//! A variation of the standard main loop implementation, using a background thread.

// This file is part of the PulseAudio Rust language binding.
//
// Copyright (c) 2017 Lyndon Brown
//
// This library is free software; you can redistribute it and/or modify it under the terms of the
// GNU Lesser General Public License as published by the Free Software Foundation; either version
// 2.1 of the License, or (at your option) any later version.
//
// This library is distributed in the hope that it will be useful, but WITHOUT ANY WARRANTY; without
// even the implied warranty of MERCHANTABILITY or FITNESS FOR A PARTICULAR PURPOSE. See the GNU
// Lesser General Public License for more details.
//
// You should have received a copy of the GNU Lesser General Public License along with this library;
// if not, see <http://www.gnu.org/licenses/>.

//! # Overview
//!
//! The threaded main loop implementation is a special version of the standard main loop
//! implementation. For the basic design, see the standard main loop documentation
//! ([`::mainloop::standard`]).
//!
//! The added feature in the threaded main loop is that it spawns a new thread that runs the real
//! main loop in the background. This allows a synchronous application to use the asynchronous API
//! without risking stalling the PulseAudio library. A few synchronization primitives are available
//! to access the objects attached to the event loop safely.
//!
//! # Creation
//!
//! A [`Mainloop`] object is created using [`Mainloop::new`]. This will only allocate the required
//! structures though, so to use it the thread must also be started. This is done through
//! [`Mainloop::start`], after which you can start using the main loop.
//!
//! # Destruction
//!
//! When the PulseAudio connection has been terminated, the thread must be stopped and the
//! resources freed. Stopping the thread is done using [`Mainloop::stop`], which must be called
//! without the lock (see below) held. When that function returns, the thread is stopped and the
//! [`Mainloop`] object can be destroyed.
//!
//! Destruction of the [`Mainloop`] object is done automatically when the object falls out of scope.

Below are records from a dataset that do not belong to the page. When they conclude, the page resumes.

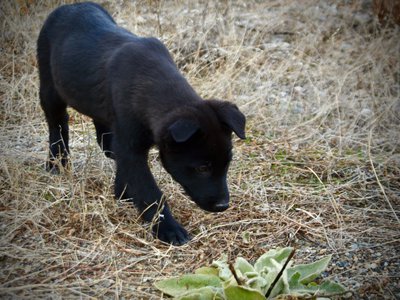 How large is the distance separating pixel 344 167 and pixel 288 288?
7.26 ft

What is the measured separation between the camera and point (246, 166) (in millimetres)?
4852

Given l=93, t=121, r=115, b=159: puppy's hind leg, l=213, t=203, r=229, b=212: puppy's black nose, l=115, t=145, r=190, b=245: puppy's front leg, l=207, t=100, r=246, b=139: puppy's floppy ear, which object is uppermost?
l=207, t=100, r=246, b=139: puppy's floppy ear

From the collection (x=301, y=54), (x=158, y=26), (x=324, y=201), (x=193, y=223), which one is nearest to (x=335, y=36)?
(x=301, y=54)

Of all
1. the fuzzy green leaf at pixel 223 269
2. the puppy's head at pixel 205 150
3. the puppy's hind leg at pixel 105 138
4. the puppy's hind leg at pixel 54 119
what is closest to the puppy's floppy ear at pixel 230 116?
the puppy's head at pixel 205 150

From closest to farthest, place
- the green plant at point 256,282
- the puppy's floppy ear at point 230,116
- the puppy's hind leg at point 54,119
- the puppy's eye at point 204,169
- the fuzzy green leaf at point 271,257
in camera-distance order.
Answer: the green plant at point 256,282 < the fuzzy green leaf at point 271,257 < the puppy's floppy ear at point 230,116 < the puppy's eye at point 204,169 < the puppy's hind leg at point 54,119

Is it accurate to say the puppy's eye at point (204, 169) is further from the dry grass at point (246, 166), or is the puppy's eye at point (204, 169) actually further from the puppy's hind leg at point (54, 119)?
the puppy's hind leg at point (54, 119)

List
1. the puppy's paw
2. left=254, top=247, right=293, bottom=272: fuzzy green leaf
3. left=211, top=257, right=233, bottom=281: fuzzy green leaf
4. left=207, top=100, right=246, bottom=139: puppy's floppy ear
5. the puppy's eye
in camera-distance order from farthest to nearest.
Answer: the puppy's paw, the puppy's eye, left=207, top=100, right=246, bottom=139: puppy's floppy ear, left=254, top=247, right=293, bottom=272: fuzzy green leaf, left=211, top=257, right=233, bottom=281: fuzzy green leaf

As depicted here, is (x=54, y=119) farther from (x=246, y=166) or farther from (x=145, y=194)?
(x=246, y=166)

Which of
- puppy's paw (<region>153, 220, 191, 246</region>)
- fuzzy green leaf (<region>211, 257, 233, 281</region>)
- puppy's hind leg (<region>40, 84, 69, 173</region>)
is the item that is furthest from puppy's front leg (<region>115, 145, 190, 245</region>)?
puppy's hind leg (<region>40, 84, 69, 173</region>)

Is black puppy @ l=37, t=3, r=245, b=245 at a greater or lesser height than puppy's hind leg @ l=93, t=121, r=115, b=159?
greater

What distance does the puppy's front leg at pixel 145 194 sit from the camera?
378 centimetres

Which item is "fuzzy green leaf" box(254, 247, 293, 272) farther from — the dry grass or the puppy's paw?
the puppy's paw

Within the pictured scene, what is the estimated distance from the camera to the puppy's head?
3.46 meters

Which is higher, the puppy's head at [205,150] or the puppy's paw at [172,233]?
the puppy's head at [205,150]
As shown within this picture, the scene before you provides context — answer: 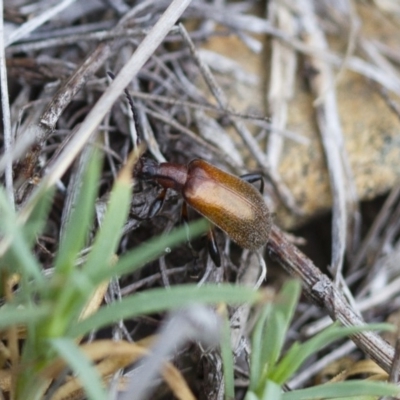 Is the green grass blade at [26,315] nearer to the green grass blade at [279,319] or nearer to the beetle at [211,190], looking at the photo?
the green grass blade at [279,319]

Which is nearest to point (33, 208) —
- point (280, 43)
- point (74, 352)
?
point (74, 352)

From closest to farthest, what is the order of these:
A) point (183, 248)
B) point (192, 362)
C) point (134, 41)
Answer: point (192, 362) < point (183, 248) < point (134, 41)

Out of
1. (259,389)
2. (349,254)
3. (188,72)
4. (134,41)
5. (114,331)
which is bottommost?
(349,254)

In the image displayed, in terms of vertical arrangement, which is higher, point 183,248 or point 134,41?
point 134,41

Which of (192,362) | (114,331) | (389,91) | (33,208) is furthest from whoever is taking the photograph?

//! (Rust's `Drop` trait has been implemented and takes care of it).
//!
//! # Locking
//!
//! Since the PulseAudio API doesn't allow concurrent accesses to objects, a locking scheme must be
//! used to guarantee safe usage. The threaded main loop API provides such a scheme through the
//! functions [`Mainloop::lock`] and [`Mainloop::unlock`].
//!
//! The lock is recursive, so it's safe to use it multiple times from the same thread. Just make
//! sure you call [`Mainloop::unlock`] the same number of times you called [`Mainloop::lock`].
//!
//! The lock needs to be held whenever you call any PulseAudio function that uses an object
//! associated with this main loop. Make sure you do not hold on to the lock more than necessary
//! though, as the threaded main loop stops while the lock is held.
//!
//! Example:
//!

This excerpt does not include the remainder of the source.